With regard to this question and this question, where I ask how to download thousands of PDF
and processes them to extract their texts with OCR
, I am hitting a brick wall again when it comes to enhancing the text outputs.
I am interested to extract texts of a bunch of PDF
in order to search for surnames in the text (I do not need necessarily to be able to read the rest of the text). The PDF
represent old newspaper articles, published between 1810 and 1832 and written in German Fraktur. This font seems to be particularly challenging for tesseract
.
Q: How can I further improve the image quality for tesseract
to - at least - have a change to find the surnames in the text? Which procedure would you suggest?
If we take this pdf as an example, I receive the following image when applying
convert -colorspace GRAY -resize 3000x -units PixelsPerInch example.pdf example-page.jpg
If I now use tesseract
with
tesseract --tessdata-dir /usr/local/share/tessdata/ -l deu_frak example-page.jpg example-page.txt
it would perform terrible on that image with roughly 360 diacritics detected only. My text output is entirely scrambled.
When I use Fred's ImageMagick script textcleaner, applying either
textcleaner -g -e stretch -f 25 -o 10 -u -s 1 -T -p 10
or
textcleaner -g -e stretch -f 25 -o 20 -t 30 -u -s 1 -T -p 20
I get something like this
When I then run again tesseract
with the above mentioned command, the resulting text is much better (around 700-800 diacritics detected) but still scrambled enough not to find most surnames of the text.
I know that the example page is a particular hard one, however, even pages, which are not inky prints and not skewed to begin with, yield mostly scrambled outputs and undecipherable surnames when processing them with tesseract
and the above command.
For example this page
Q: How can I further improve the image quality for tesseract
to - at least - have a change to find the surnames in the text? Which procedure would you suggest?
Edit: I do not know, whether training tesseract is needed or a good idea to deal with the given German Fraktur font, as GUI box editor seems to work reliably on MacOS, see for example, jTessBoxEditor, Qt-box-editor, or Tesseract-Box-Editor, nor did I understand how to train tesseract, see the tesseract training wiki here and another tutorial here.

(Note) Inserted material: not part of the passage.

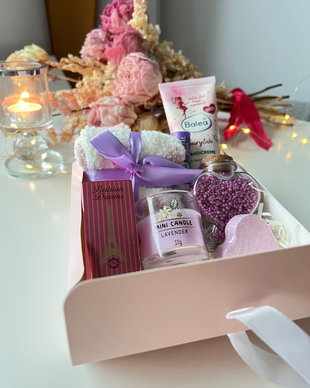 Set cadou Lavender Calm  cutie cadou elegantă pentru ea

My father had a similar problem with his old newspaper clippings, and I had moderately good success by preprocessing with GhostScript and then applying Tesseract. Your mileage may vary. My commands (Windows) were
set nm=%1
set d=%2
"C:\Program Files\gs\gs9.21\bin\gswin32.exe" -dSAFER -dBATCH -dNOPAUSE -sDEVICE=pgmraw -r150 -dTextAlphaBits=4 -sOutputFile="%nm%-%%00d.pgm" %nm%.pdf
echo. 2>"%nm%.txt"
for %%f in (%nm%*.pgm) do (
echo %%~nf
"C:\Program Files\Tesseract-OCR\tesseract.exe" "%%~nf.pgm" "%%~nf"
cat "%%~nf.txt" >> "%nm%.txt"
del "%%~nf.pgm"
del "%%~nf.txt"
)
"C:\Program Files\Microsoft Office\Office11\winword.exe" "%nm%.txt"
EDIT: response to comment
First, install ghostscript on your mac. See https://wiki.scribus.net/canvas/Installation_and_Configuration_of_Ghostscript#Installing_Ghostscript_on_Mac_OS_X
Then do
gs -dSAFER -dBATCH -dNOPAUSE -sDEVICE=pgmraw -r150 -dTextAlphaBits=4 -sOutputFile='paper-%00d.pgm' paper.pdf
This will create rasterized files paper-01.pgm, paper-02.pgm etc (this is in case your pdf has multiple pages). You can replace the "paper" with the basename of your original pdf. You can also mess with the resolution. That and other things can be found at https://ghostscript.com/doc/9.19/Use.htm
Then use tesseract on each pgm file.